— WORK INSTRUCTIONS —
The answer is to be the data that follows, transcribed exactly, minus its pictures.
PROVIDED RECORDS START
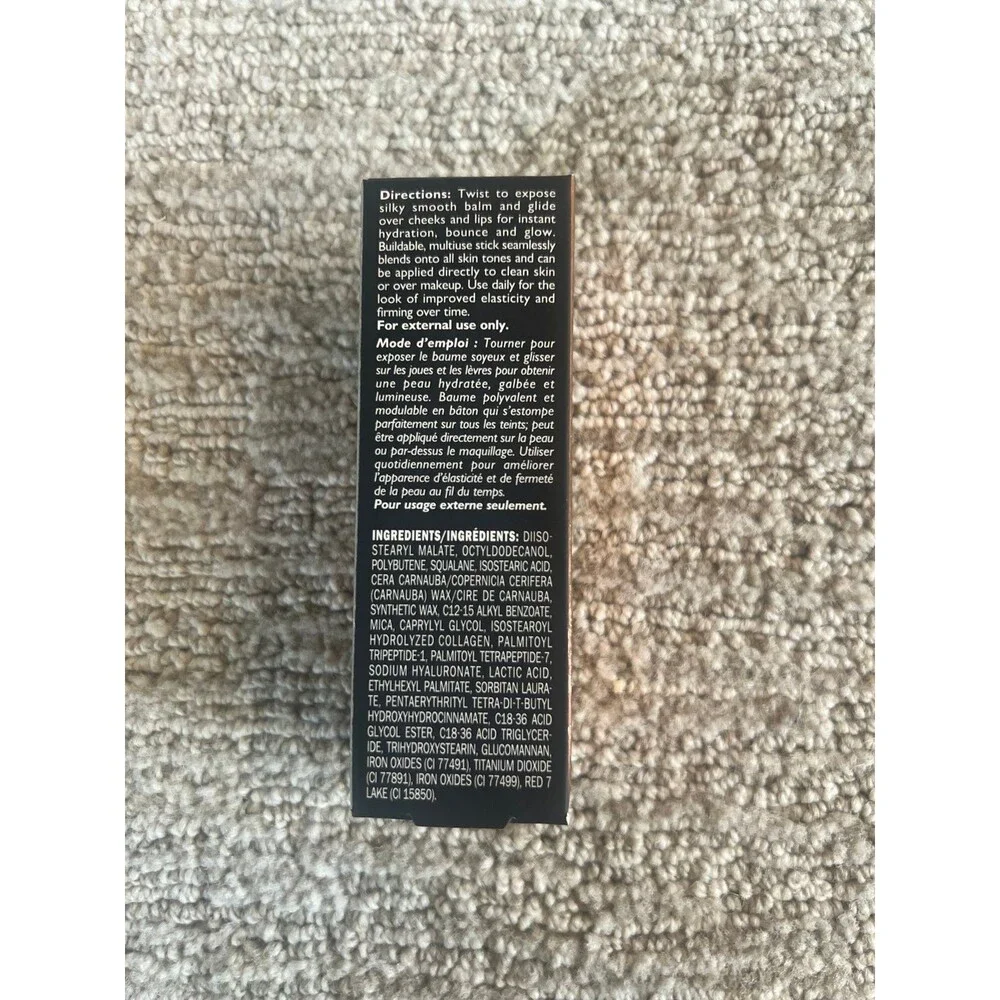NIB Peter Thomas Roth Instant Firm Bronze Collagen Bounce Stick MSRP $36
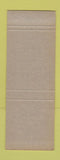 Matchbook Cover - JH Dale and Son Blacktown Australia men's clothes SAMPLE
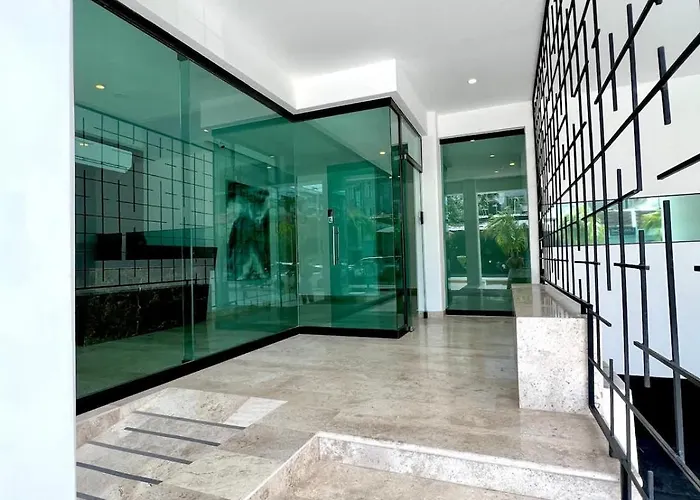 Luxury Location! Holiday home Playa del Carmen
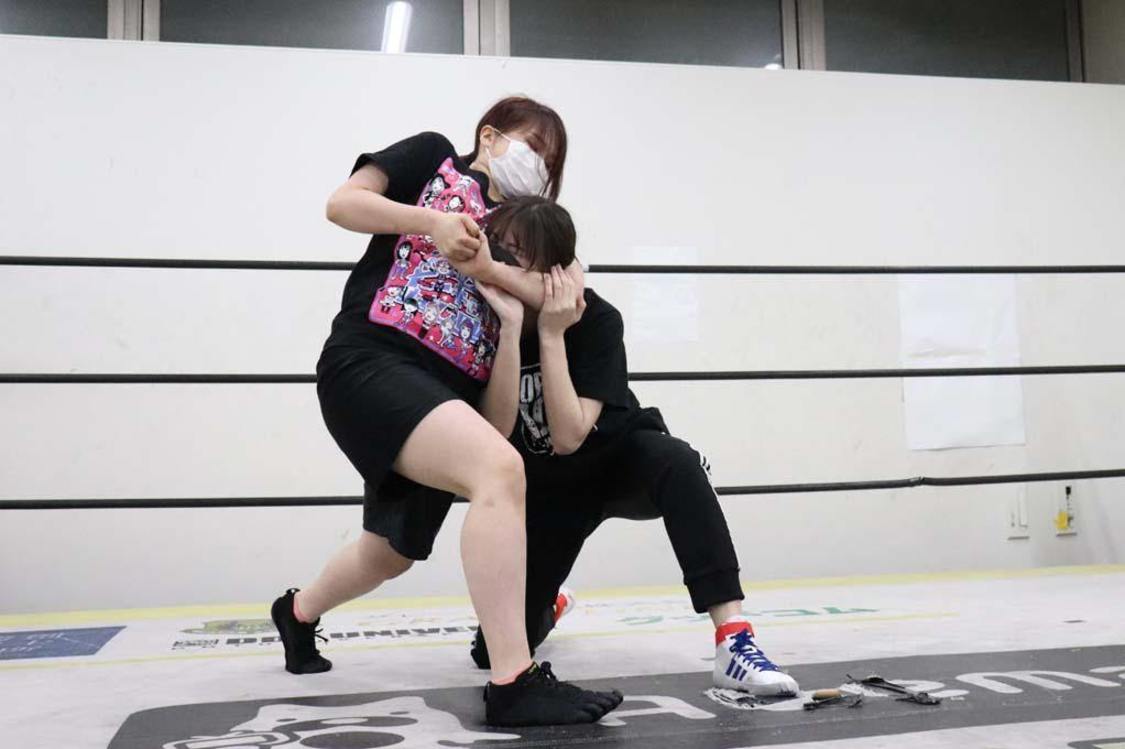 ©東京女子プロレス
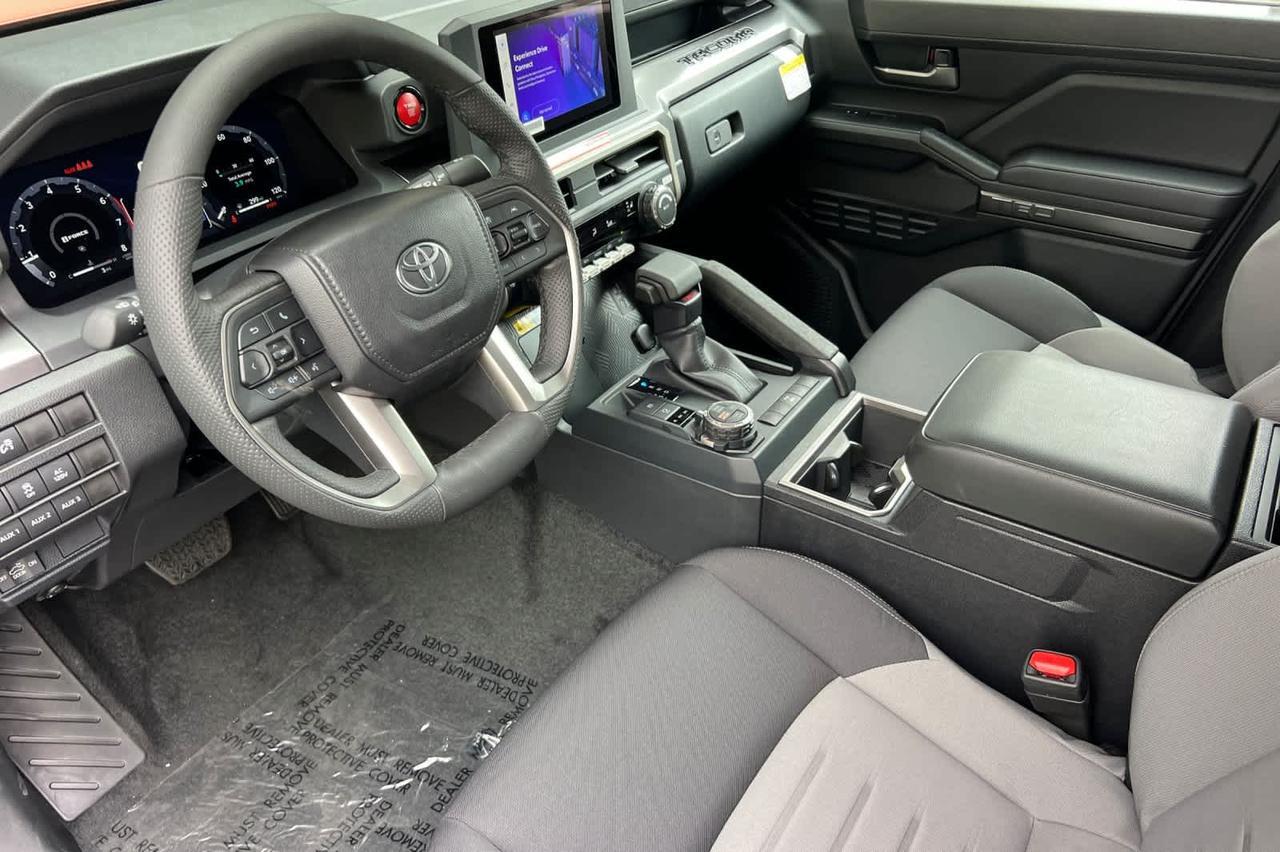 2025 Toyota Tacoma TRD Off Road Roseville CA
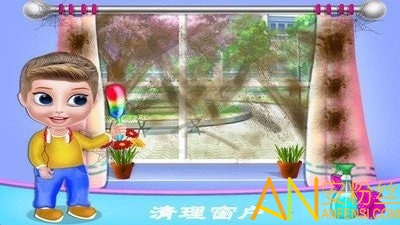 芭比公主大掃除手機(jī)版下載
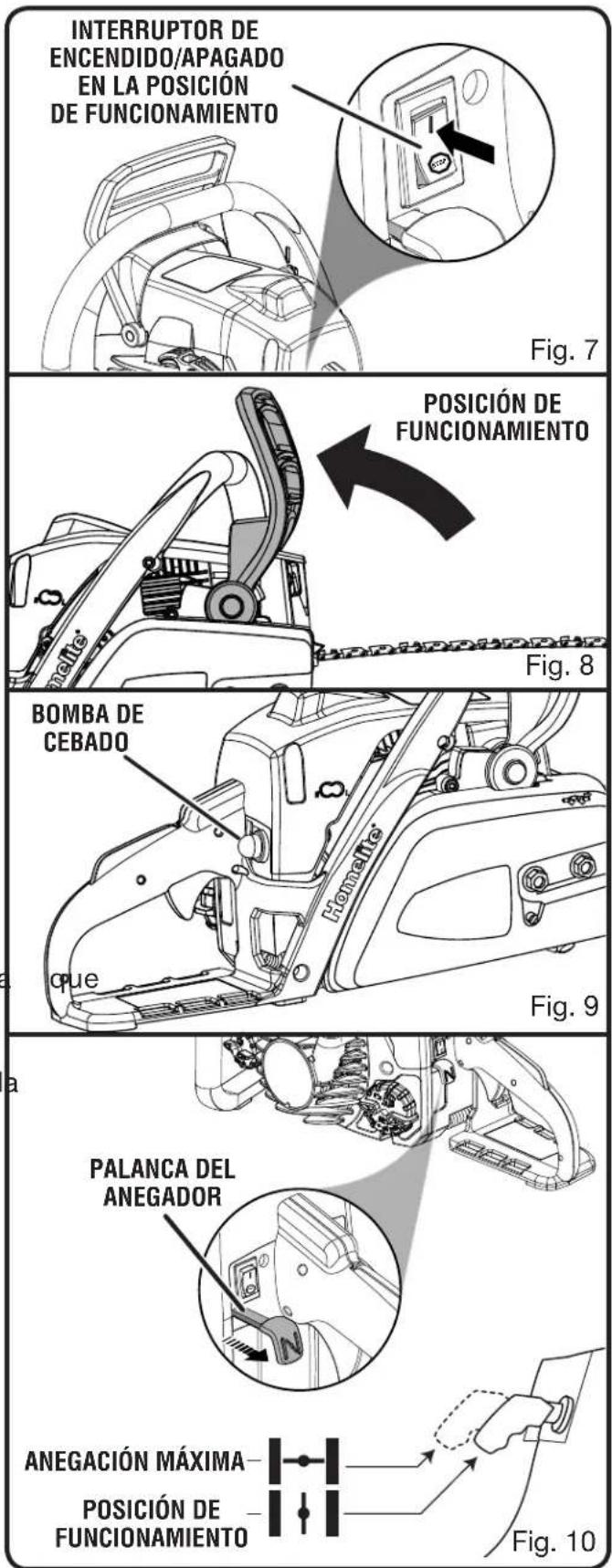 HOMELITE UT10680 - PRECAUCIÓN: - 1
PROVIDED RECORDS END
— RESULT OF THE TASK —
NIB Peter Thomas Roth Instant Firm Bronze Collagen Bounce Stick MSRP $36
 Matchbook Cover - JH Dale and Son Blacktown Australia men's clothes SAMPLE
 Luxury Location! Holiday home Playa del Carmen
 ©東京女子プロレス
 2025 Toyota Tacoma TRD Off Road Roseville CA
 芭比公主大掃除手機(jī)版下載
 HOMELITE UT10680 - PRECAUCIÓN: - 1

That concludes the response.